A child may ask a question prematurely, or at a time when the parent finds it impossible to answer in such a way as to make the desired impression or to avoid the undesirable impression. The postponement should be frankly a postponement, and the parent should answer the question at some later time chosen by the parent and upon the parent's own motion. If the child never affords the parent a natural opening for the first or later conversation, the parent should make the opening by reference to the recent arrival of a baby in the child's home, or in some neighbor's family, or even to the arrival of kittens or chicks.

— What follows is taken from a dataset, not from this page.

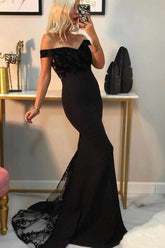 Sexy Mermaid Off-the-shoulder Backless Long Prom Dress with Appliques Lace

Such preliminary information should come at or near the first asking of questions, or if no questions are asked, at any convenient time between the ages of six and eight years, and in any case before the child goes to school or mingles much away from home with other children. It is a mistake to suppose that very much need be said to the young child. If the child's normal curiosity is satisfied in a clean way from the right source, that is sufficient. Especially should it be advised of the truth about those facts concerning which it is liable be misinformed in its contacts with other children. Only, parents ought to remember that their child, however carefully brought up and protected, at any time and of its own motion, may itself be that corrupting "other child" against which we are so sedulously warned!
Or, again, the child when it has been duly instructed by parents may without harmful intentions talk too freely with other children. It may do some harm to other children in this; but what is more likely, it may receive harm by calling out uninformed and hurtful conversation from the other side. For this reason, a parent in talking to children should be careful to explain that they should not talk to others. If they are properly brought-up children, their modesty will respond, and their trained obedience will keep faith.
This is the place to try to make clear the importance of such secrecy and confidence between parents and child. There is a secrecy which adds a glamour of pleasurable naughtiness, leading straight to prudery and pruriency with all their consequences. Such secrecy is the sort that develops when parents do take the child into their confidence. Such harmful secrecy is not to be confounded with the confidence between parent and child. In opposing the harmful kind of secrecy, there are those who very wrongly, as I believe, object to any secrecy; who say, "All things are clean; why should any difference whatever be made between the lungs or the stomach, and the sex organs; it is often the very making of any distinction that causes and helps cause all the trouble." Now the case against all secrecy would be valid if the premises of the argument were sound. Roughly speaking, lungs are lungs, and stomachs are stomachs, but the sex organs and their impulses, reflexes, and irradiations are connected with the subtlest complexes of mind and affections, inextricably connected with everything human, with further irradiations into the entire social body.